Pour ce qui est de l'amendement n° 6, nous sommes un peu partagés.
En effet, la possibilité de disposer chaque année d'un rapport sur l'utilisation du chèque-vacances est tout à fait intéressante. Un tel rapport peut même se révéler très précieux pour mesurer l'impact du texte que nous examinons, notamment en ce qui concerne le nombre de salariés utilisateurs. Il permettrait donc, dans la clarté, de savoir où il convient de faire porter l'effort pour optimiser le dispositif du chèque-vacances, afin qu'il concerne le plus possible d'entreprises.
Cependant, le premier rapport annuel ne serait publié qu'à la fin de l'an 2000, soit à l'issue de la deuxième campagne sous le régime de l'extension du chèque-vacances aux PME. En effet, l'année 1999 sera certainement, pour l'essentiel, consacrée à sa mise en place.
Il nous paraît également tout à fait utile de préciser que l'Agence nationale pour le chèque-vacances est chargée de promouvoir le chèque-vacances en France et à l'étranger, même si ce dernier point a un aspect plus prospectif qu'immédiatement réalisable. Mais, après tout, il est bon que le Sénat montre parfois sa capacité à se projeter dans l'avenir ! (Sourires.)
En revanche, nous sommes beaucoup plus réservés sur la possibilité donnée à l'ANCV de signer des conventions de partenariat avec des entreprises privées qui se verraient concéder la diffusion du chèque-vacances.
Le chèque-vacances, faut-il le rappeler, n'est pas un chèque de voyage. Sa vocation est sociale, tout comme est sociale l'action de l'ANCV, qui redistribue l'essentiel de ses bénéfices au profit du tourisme social. On ne peut attendre la même préoccupation d'une entreprise qui aurait pour principal souci la distribution des dividences à ses actionnaires. A terme, suivant la plus grande pente, le chèque-vacances deviendrait un moyen de paiement comme un autre.
L'adoption d'une telle disposition comporte donc un risque de changement de nature du chèque-vacances. C'est la raison pour laquelle nous voterons contre cet amendement.
M. Jean Chérioux. Je demande la parole pour explication de vote.
M. le président. La parole est à M. Chérioux.
M. Jean Chérioux. Le chèque-vacances est quand même un instrument de paiement dont les caractéristiques évoquent un peu la monnaie scripturale. Aussi émettrai-je des réserves sur le texte de l'amendement tel qu'il est libellé.
Mes réserves ne tiennent pas à des considérations analogues à celles qu'a exposées notre collègue socialiste, qui a insisté sur le caractère social de ce moyen de paiement ; elles sont plutôt inspirées par un souci de protection. En effet, le texte est bien vague : « Cet établissement public est chargé de promouvoir et diffuser le titre nominatif "chèques-vacances" en France et à l'étranger. A cette fin, il est autorisé à conclure des conventions de partenariat avec des entreprises ou organismes susceptibles d'en assurer la plus large diffusion. »

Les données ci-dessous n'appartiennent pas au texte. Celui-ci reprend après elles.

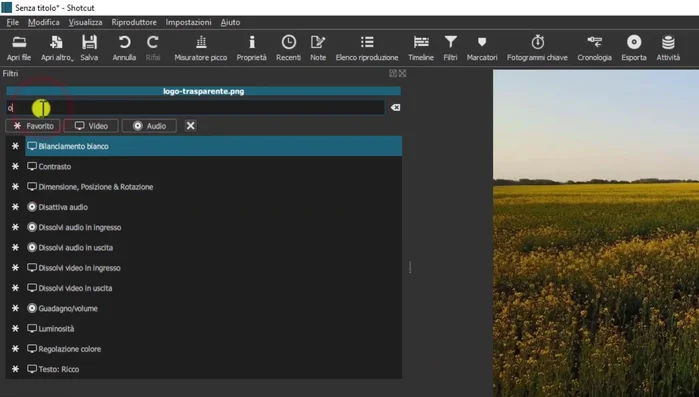 Esportare il video con la filigrana applicata.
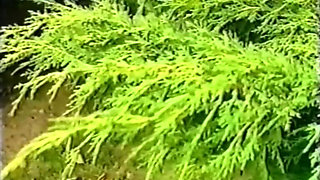 Widows in a Sex Frenzy 1991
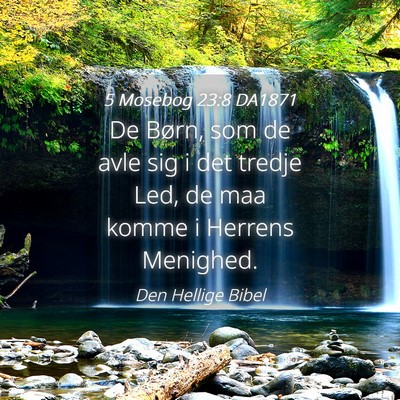 Picture 04 - 5 Mosebog 23:8 DA1871 - De Børn, som de avle sig i det tredje Led, de - Bible Verse Picture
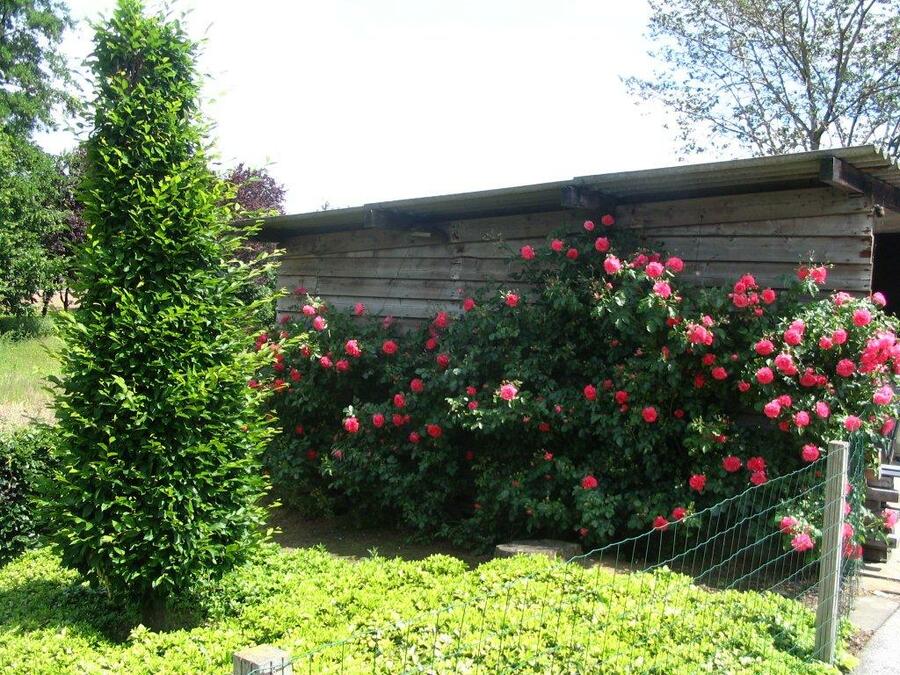 Růže pnoucí Kordes 'Rosarium Uetersen' - Rosa PN 'Rosarium Uetersen'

Cela mériterait tout de même d'être étudié d'un peu plus près. Un certain nombre de précautions me paraissant s'imposer pour éviter que des conventions soient signées avec n'importe qui, faute de quoi on risquerait de voir naître des difficultés ou même de déplorer des « magouillages ». Or ce serait très ennuyeux à la fois pour les intéressés et pour l'image du chèque-vacances.

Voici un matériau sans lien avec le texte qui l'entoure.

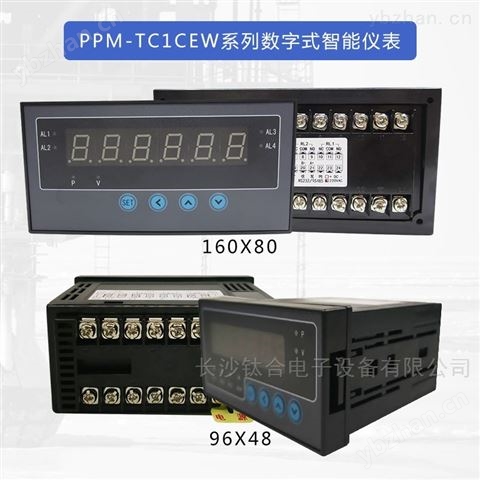 智能數字壓力控制儀器 PPM-TC1CEW壓力表
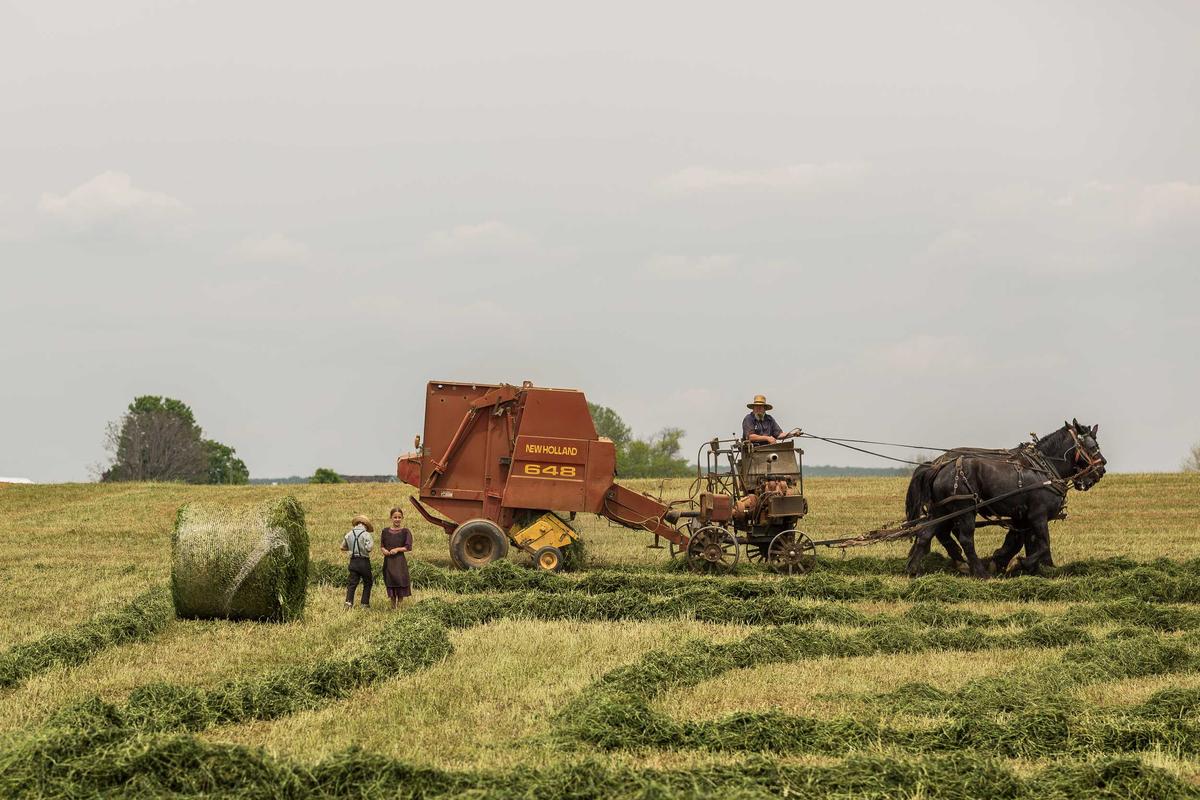 Data-Driven Product Selection: The Modern Playbook for Cross-Border Small Commodity Traders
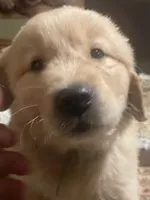 Red collar boy, a male Golden Retriever for sale in Valdosta, GA – 2 of 6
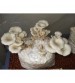 Thanvi Shroomness Paddy Straw Mushroom Spawn (Seeds) 350 grams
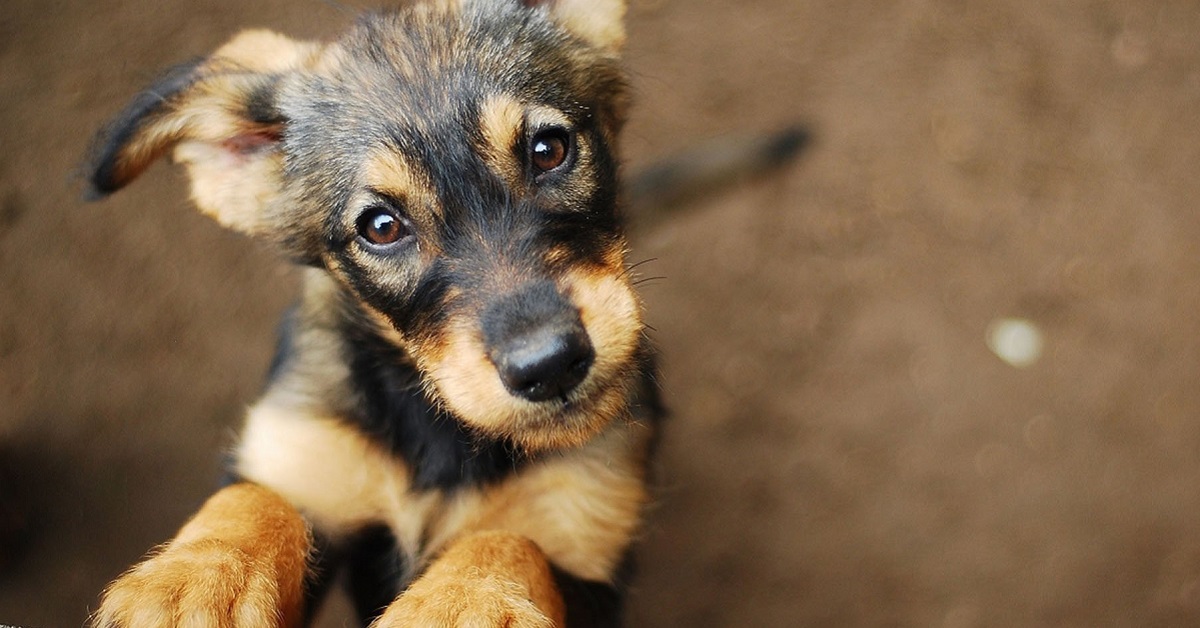 cucciolo di cane su due zampe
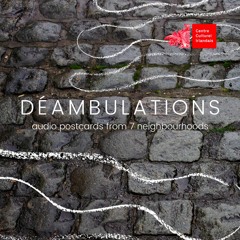 Soirée de lancement de Déambulations - 04/03/2021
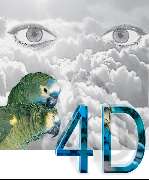 Logo - 4D Anja Weber und Peter Gerken GbR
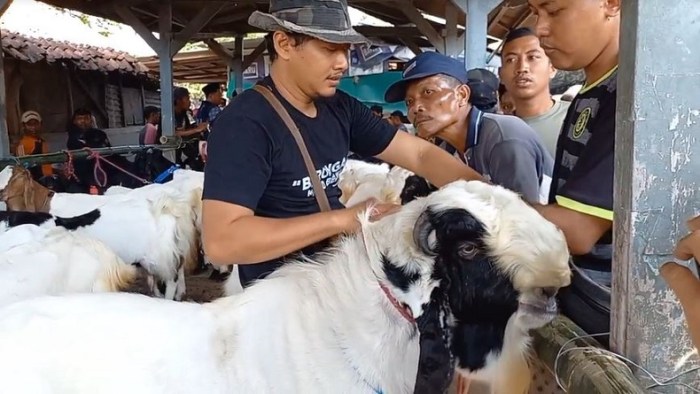 Daging kambing di Blora, Kabupaten Blora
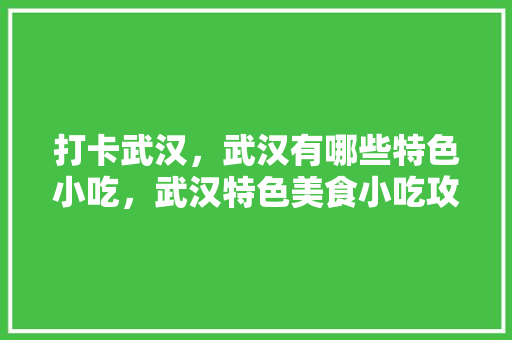 打卡武汉，武汉有哪些特色小吃，武汉特色美食小吃攻略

Par conséquent, je souhaiterais que, au cours de la navette, cette notion d'entreprises ou d'organismes susceptibles d'assurer la diffusion des chèques-vacances soit encadrée de manière plus précise.
C'est la raison pour laquelle je m'abstiendrai à ce stade de la discussion.
M. le président. Personne ne demande plus la parole ?...
Je mets aux voix l'amendement n° 6, repoussé par le Gouvernement.

(L'amendement est adopté.)
M. le président. En conséquence, un article additionnel ainsi rédigé est inséré dans le projet de loi, après l'article 5.